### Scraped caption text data

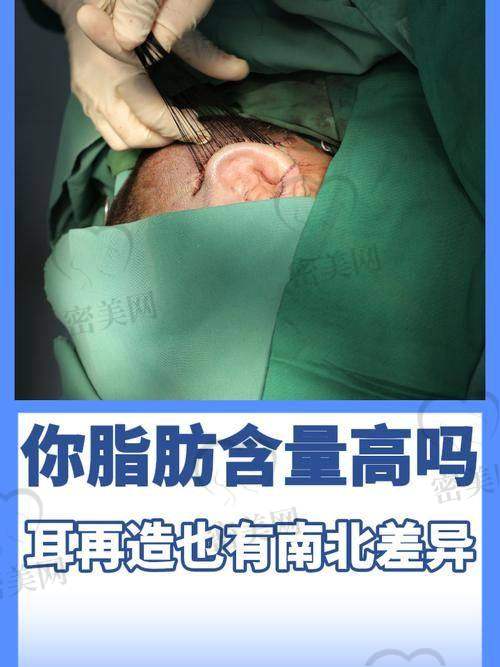 重庆美仑美奂整形医院毋巨龙：68000 元起的耳畸形再造“神操作”价格大揭秘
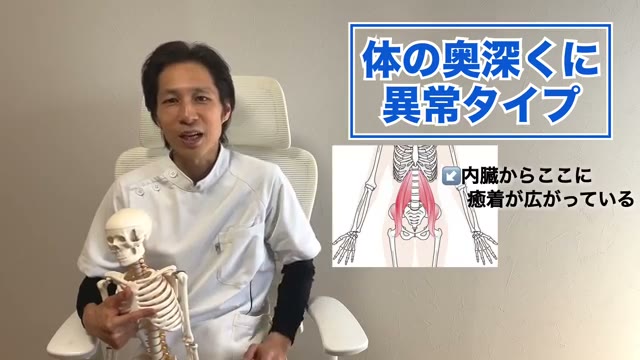 ②体の奥深く（内臓の近く）から癒着が広がるタイプ（動画より）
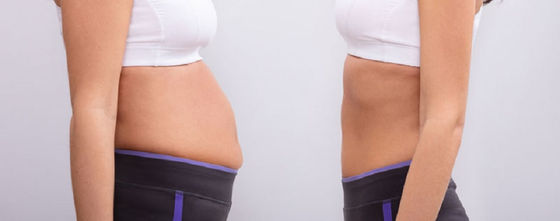 Frequently asked questions about abdominoplasty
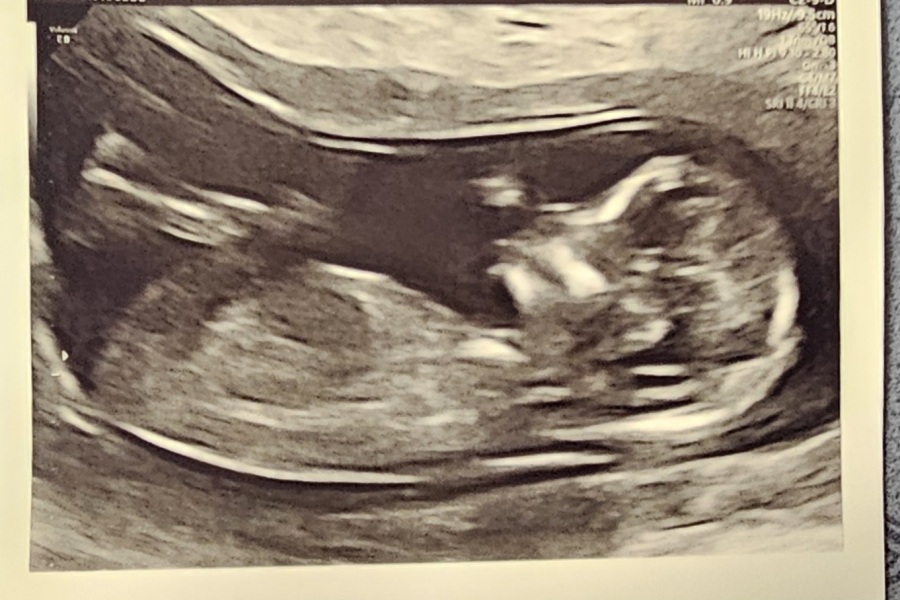 Guess the gender! 13+3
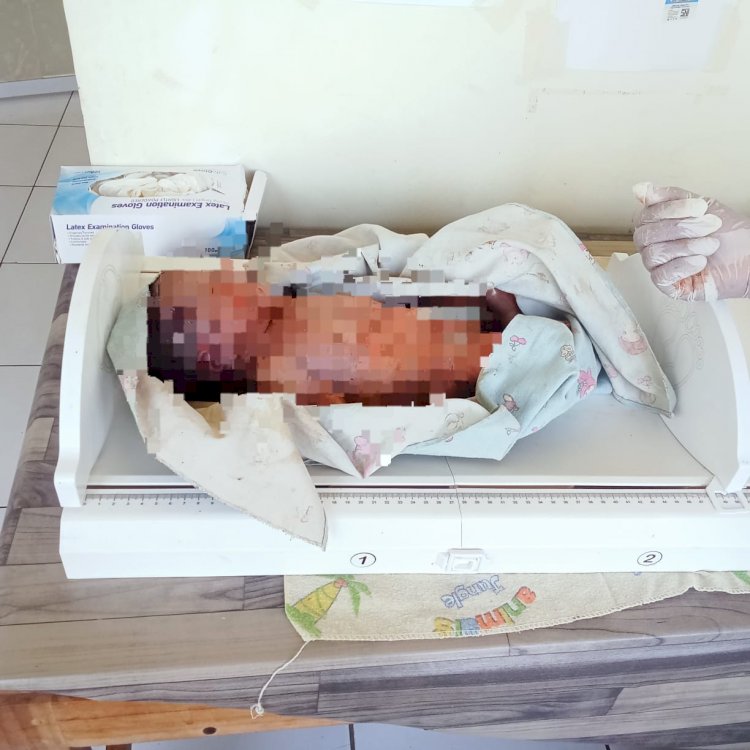 Diduga Bunuh Bayi yang Baru Dilahirkan, Seorang Ibu di Amfoang Timur Diamankan Polisi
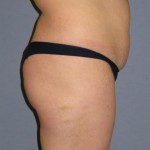 Liposuction Before & After Patient #1046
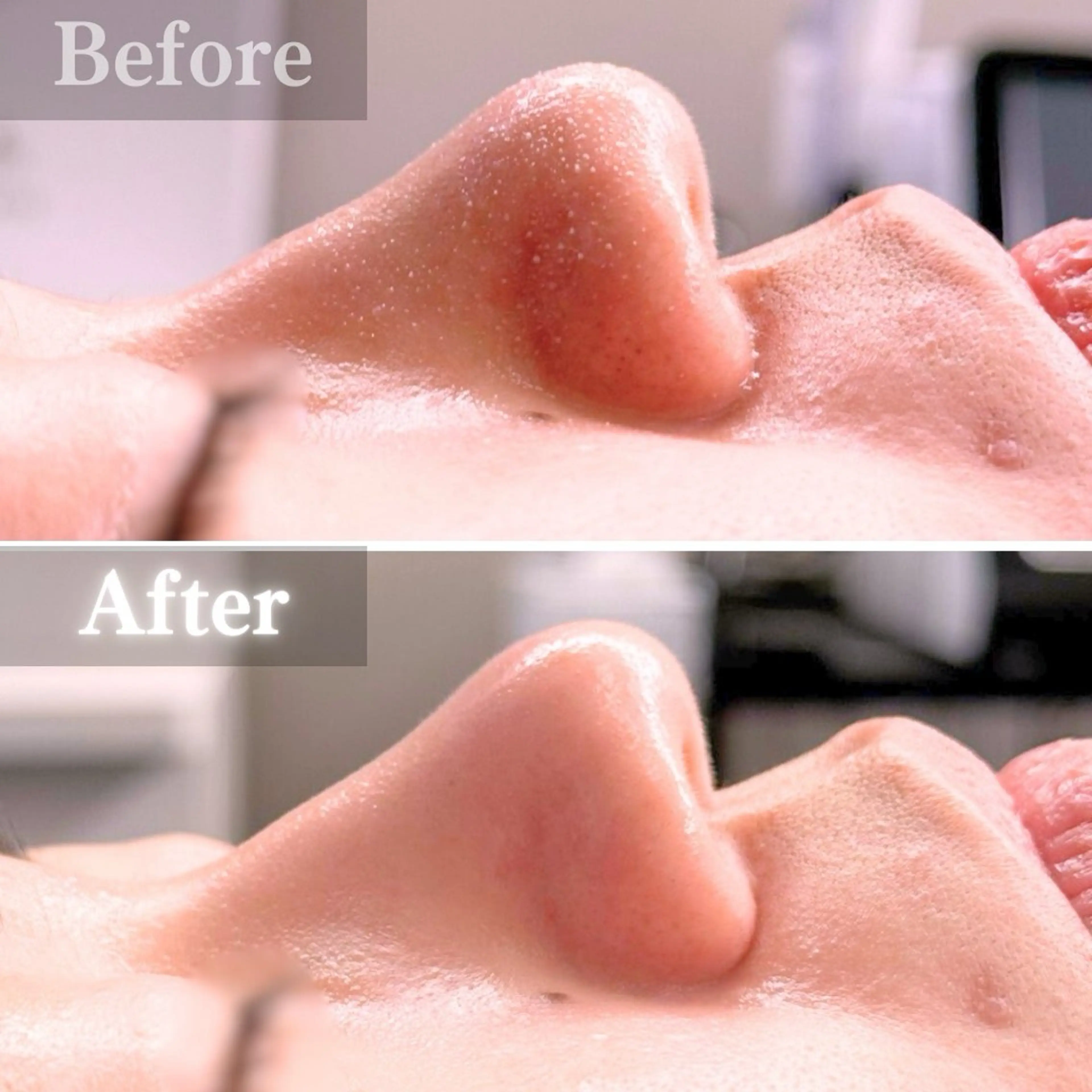 エステ 毛穴洗浄特化🫧 オオツカのエステ・リラクイメージ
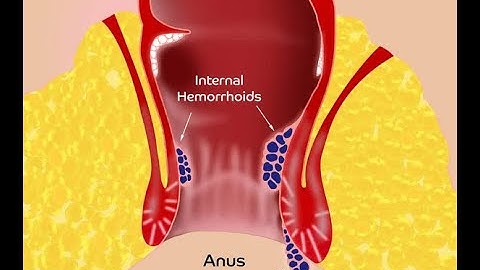 Hemorrhoids (Piles) | Thrombosed | Pectinate line| Sphincteroplasty - Dr Rams Medical Coding Academy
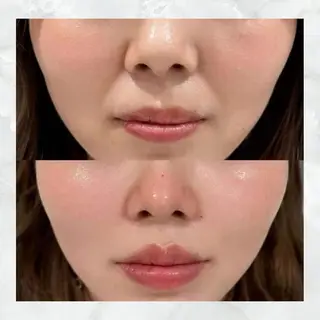 マツエク・マツパ 愛維美水光美肌専門店所属・愛維美水光美肌専門店 メンズレディースokのエステ・リラクイメージ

### TASK PROMPT
Excluding all pictures, print exactly and only the lines from the line with "Liposuction Before & After Patient #1046" through the end of the records above, both ends included.

### RESPONSE TO THIS TASK
 Liposuction Before & After Patient #1046
 エステ 毛穴洗浄特化🫧 オオツカのエステ・リラクイメージ
 Hemorrhoids (Piles) | Thrombosed | Pectinate line| Sphincteroplasty - Dr Rams Medical Coding Academy
 マツエク・マツパ 愛維美水光美肌専門店所属・愛維美水光美肌専門店 メンズレディースokのエステ・リラクイメージ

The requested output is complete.